▸ **WORKING DATA**

:::

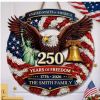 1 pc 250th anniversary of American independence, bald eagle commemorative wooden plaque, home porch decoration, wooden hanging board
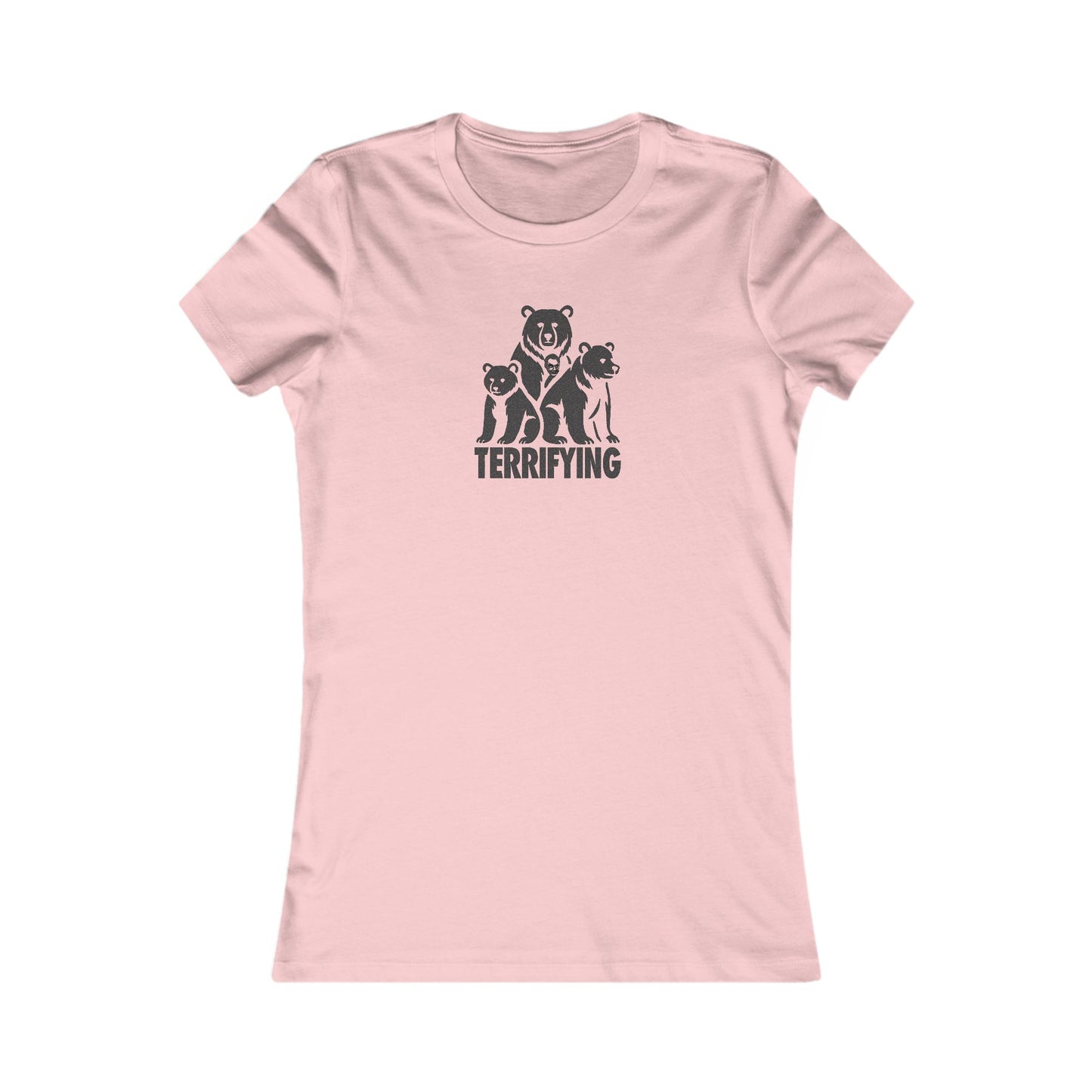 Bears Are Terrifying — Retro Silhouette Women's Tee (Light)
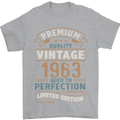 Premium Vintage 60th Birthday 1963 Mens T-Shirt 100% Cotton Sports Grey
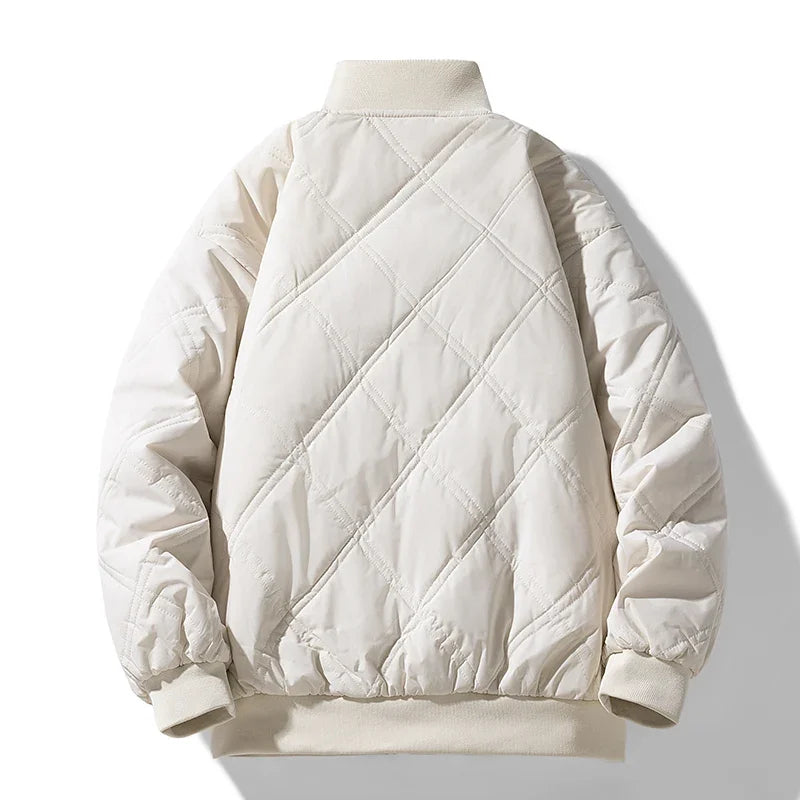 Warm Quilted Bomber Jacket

:::

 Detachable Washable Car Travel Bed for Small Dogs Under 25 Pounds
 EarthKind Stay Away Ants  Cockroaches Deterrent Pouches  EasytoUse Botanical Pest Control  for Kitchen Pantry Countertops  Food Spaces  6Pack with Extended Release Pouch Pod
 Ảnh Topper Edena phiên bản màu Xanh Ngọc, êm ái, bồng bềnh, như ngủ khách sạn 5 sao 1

:::

▸ **WHAT YOU ARE ASKED TO DO**
Return exactly the part of the listing above that opens with the line containing "Premium Vintage 60th" and closes with the line containing "Warm Quilted Bomber Jacket". Pictures stay out.

▸ **COMPLETED TASK**
 Premium Vintage 60th Birthday 1963 Mens T-Shirt 100% Cotton Sports Grey
 Warm Quilted Bomber Jacket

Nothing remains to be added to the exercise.